Calculation of CASA Ratio: The CASA ratio is calculated using the following formula: CASA Ratio (%) = (CASA Deposits / Total Deposits) × 100
- Where:
- CASA Deposits = Total deposits in current accounts + Total deposits in savings accounts
- Total Deposits = All deposits held by the bank, including term deposits and other types.
- For example, if a bank has total deposits of ₹50,000 crore, with ₹15,000 crore in savings accounts and ₹8,000 crore in current accounts, the CASA ratio would be:
- CASA Ratio = (15,000 + 8,000 / 50,000) × 100 = 46%.
Importance of CASA Ratio:
- Cost of Funds: A higher CASA ratio indicates that a larger portion of a bank’s deposits comes from low-cost sources. Current accounts typically do not earn interest, while savings accounts offer minimal interest (around 3-4%).
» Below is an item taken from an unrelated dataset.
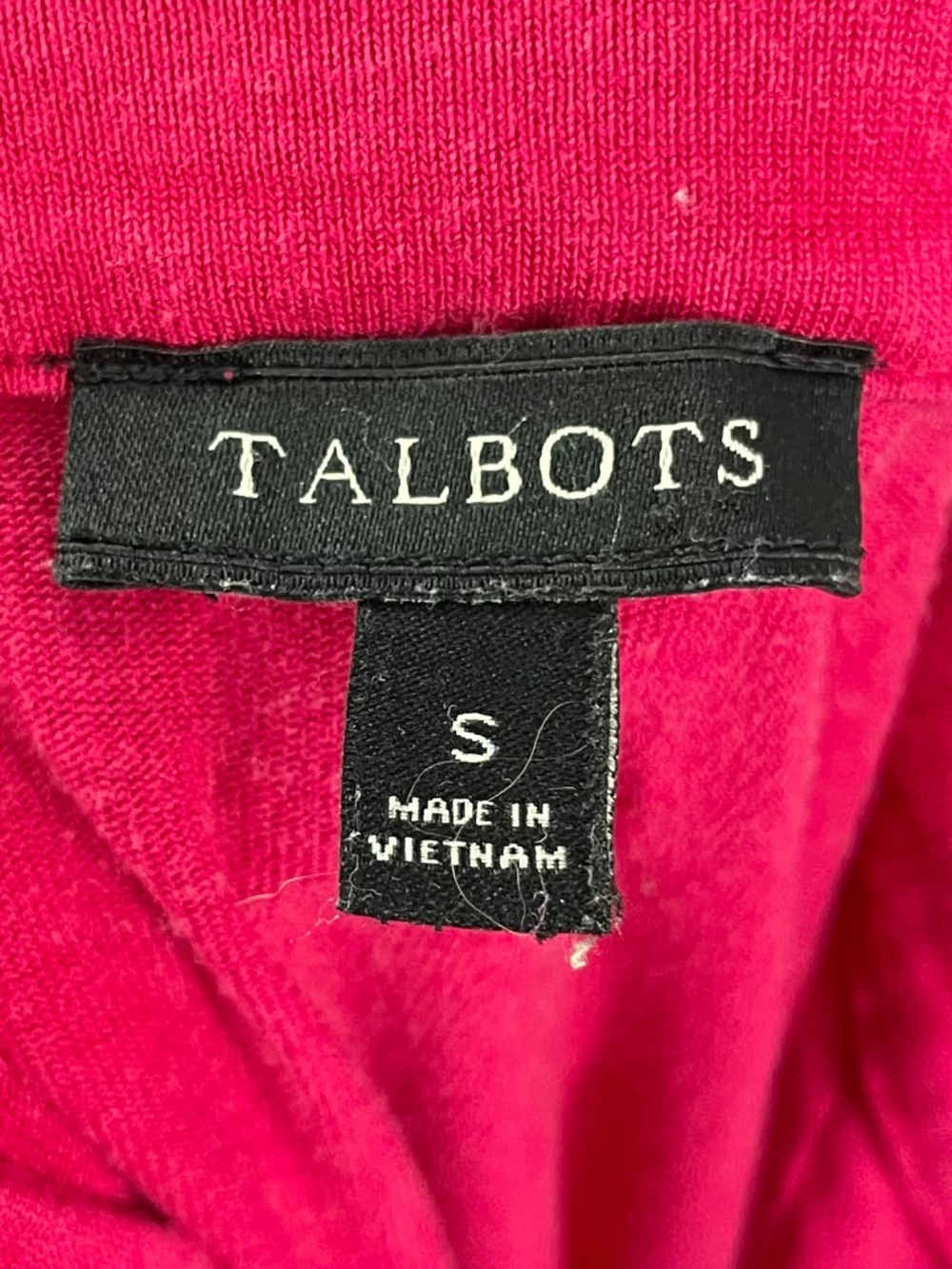 Talbots Raspberry Pink Ruffled Button-Front Blouse Rayon Lyocell Pintucked - Picture 8 of 9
This results in lower overall costs for the bank compared to higher-interest term deposits.
- Profitability: Banks with higher CASA ratios tend to have better net interest margins (NIM), as they can lend out these low-cost funds at higher interest rates. This enhances their profitability and operational efficiency.
- Financial Stability: A robust CASA ratio can reflect customer loyalty and trust in the bank. It suggests that customers are willing to keep their funds in the bank for transactional purposes, which can provide stability during economic fluctuations.
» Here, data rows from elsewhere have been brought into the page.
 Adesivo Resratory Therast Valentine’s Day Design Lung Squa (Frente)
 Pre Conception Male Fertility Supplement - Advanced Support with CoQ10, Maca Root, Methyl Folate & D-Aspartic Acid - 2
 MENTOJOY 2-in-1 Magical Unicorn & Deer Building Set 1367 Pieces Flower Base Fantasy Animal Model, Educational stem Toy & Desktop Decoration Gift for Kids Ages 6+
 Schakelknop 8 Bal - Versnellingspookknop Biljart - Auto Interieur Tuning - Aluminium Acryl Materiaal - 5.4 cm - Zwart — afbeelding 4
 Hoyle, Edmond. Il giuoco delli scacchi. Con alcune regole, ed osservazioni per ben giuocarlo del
- Competitive Advantage: Banks with high CASA ratios can offer more competitive loan rates while maintaining healthy profit margins. This can attract more customers and increase market share.
Strengthening Grievance Redressal Mechanisms
- In addition to addressing banking liquidity concerns, the Standing Committee on Finance highlighted the need for a comprehensive review and strengthening of grievance redressal mechanisms within the banking and insurance sectors.
- The report suggested that studying global best practices could provide valuable insights for improving the current system, ensuring better customer service and complaint resolution.
By adopting these recommendations, banks can not only improve their operational resilience but also maintain customer trust and competitiveness in a rapidly evolving financial landscape.